Terminada la beca era de hora de volver a casa, pero esta mujer de ciencia tenía curiosidad por ver mundo y en vez de volver directa a Europa, escogió la ruta del Pacífico y dar la vuelta al mundo. Desembarcó en Catalunya en 1931, cuando el país estaba en plena ebullición. Fracasado el intento de Alfonso XIII de salvar a la monarquía tras la nefasta dictadura de Primo de Rivera, como es sabido se proclamó la Segunda República. Empezaba una prometedora etapa. Hombres (y algunas mujeres) de la cultura y la educación intentaron modernizar un país que estaba a años luz de los vecinos europeos pero el sueño de aquella generación duró poco por qué en julio de 1936 Franco dio el golpe de estado que desencadenaría la guerra civil. Barba no tardó en darse cuenta de que si quería seguir trabajando con libertad tenía que marcharse y la primavera de 1937, sola, cruzó la frontera con Francia por el Pertús. Allí la esperaba el sobrino de Abraham Flexner, Louis Flexner. Al día siguiente la pareja se casó, lo que hace pensar que desde la estancia de Pepita en América habían mantenido un cierto rescoldo epistolar.

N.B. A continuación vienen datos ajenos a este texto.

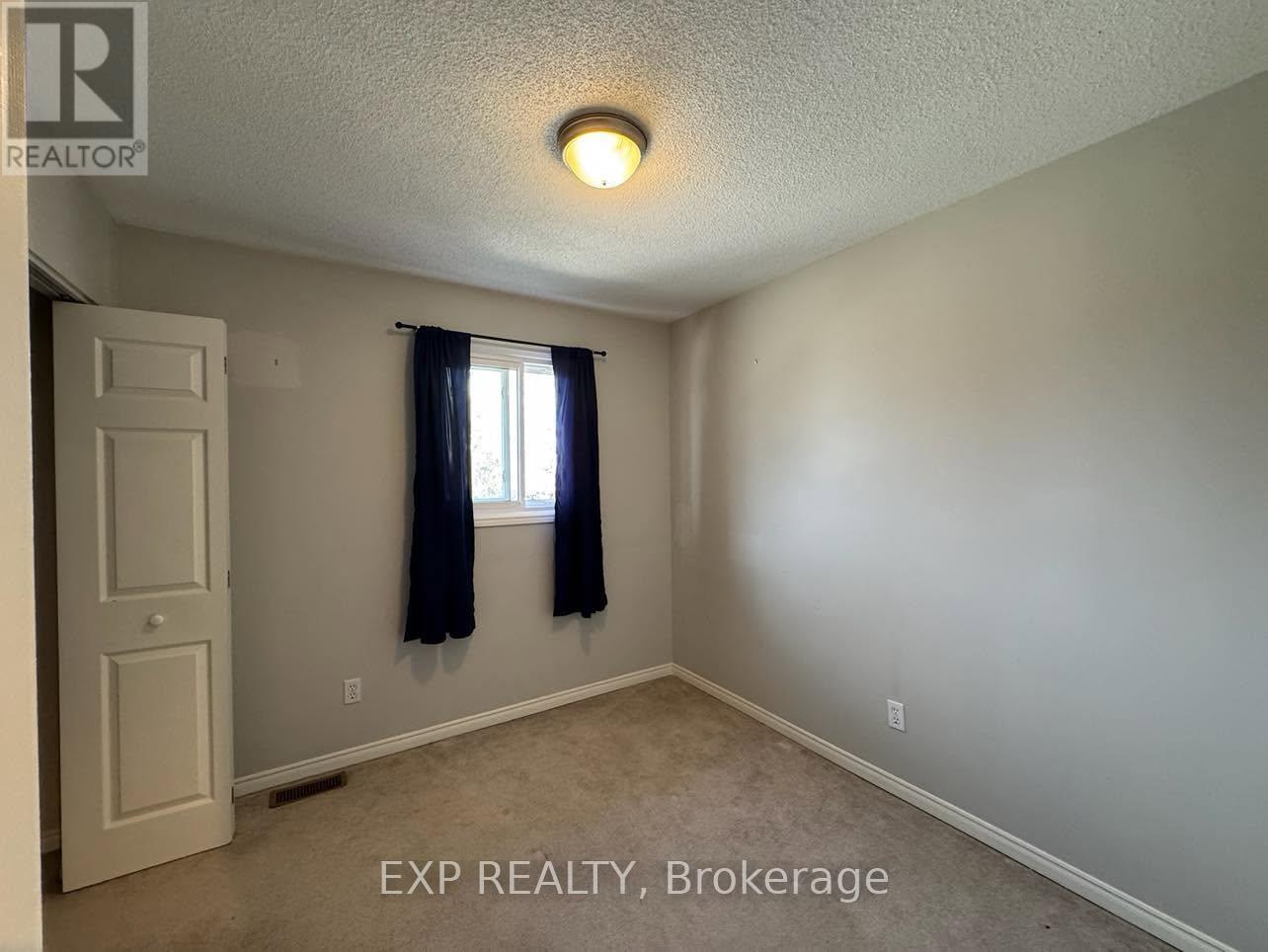 286 Mutual Street N Property Photo 17
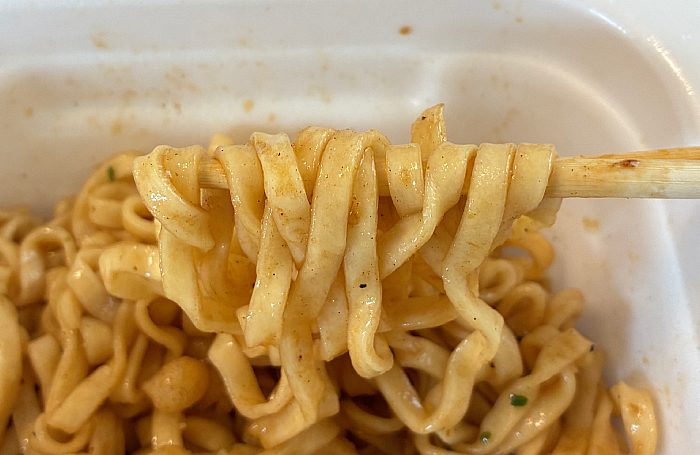 マルちゃん 汁なし煮干しうどん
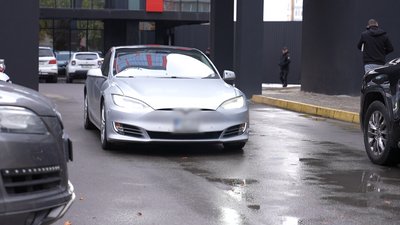 Tesla Tesla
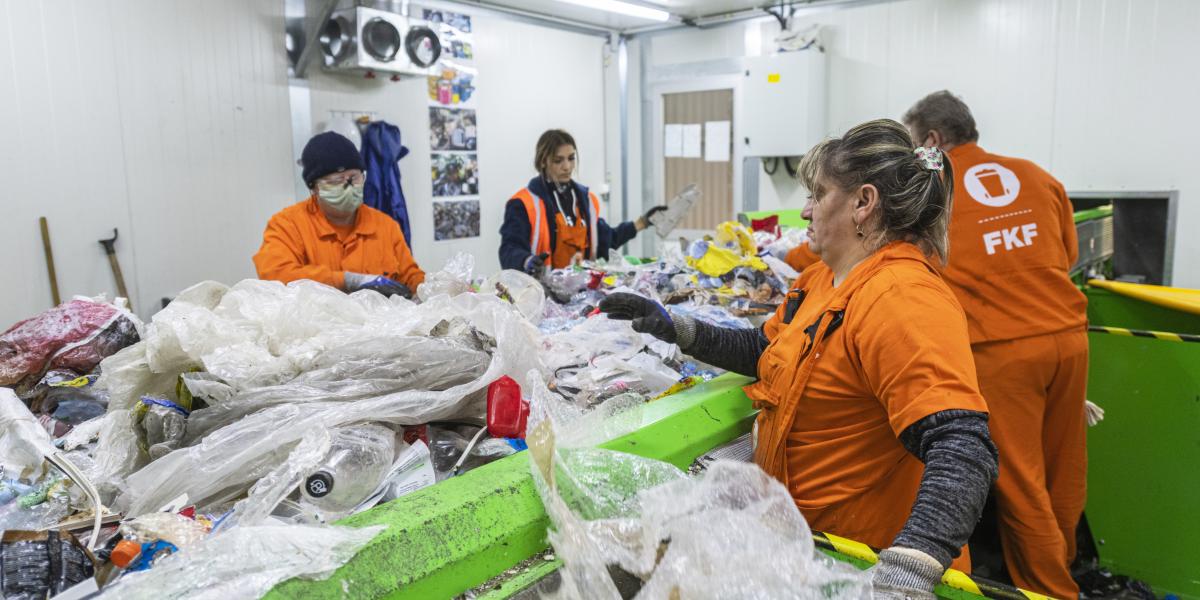 A kormány július 1-től koncesszióba adta a hulladék begyűjtését, szállítását, kezelését a Molnak. Az olajtársaságnak se  eszköze, se embere nem volt ehhez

A través del matrimonio, Pepita podía convertirse en ciudadana estadounidense, pero los trámites para conseguirlo eran tan complejos que se pasaron un año en Francia para arreglar los papeles. Cuando pudieron regresar a EEUU se incorporaron a la John Hopkins, y a partir de ese momento además de ser pareja sentimental también se convirtieron en tándem científico. Su talento llamó la atención de la Universidad de Pensilvania, donde Louis Flexner aceptó dirigir el Instituto de Ciencias Neurológicas. Eso sí, con su esposa siempre al lado, tanto en el laboratorio como a la hora de publicar los resultados de sus investigaciones en las revistas más prestigiosas. Ahora bien, a nivel público él siempre recibió mucho más reconocimiento que Pepita Barba, que quedó discretamente relegada a un segundo plano tras el nombre de casada: J. B. Flexner. Por fortuna, gracias a la labor de Àlvar Martínez Vidal y Empar Pons Barrachina, con quienes hemos conversado en el Tren de la Historia, se ha podido reconstruir su biografía que nuestros lectores podrán conocer escuchando el pódcast.

Ahora que se insiste tanto en animar a las niñas a seguir carreras de ciencias y todo el mundo se lamenta de que no hay demasiados ejemplos inspiradores, valdría la pena que Barcelona hiciera un reconocimiento público a una de sus científicas más eminentes: Pepita Barba.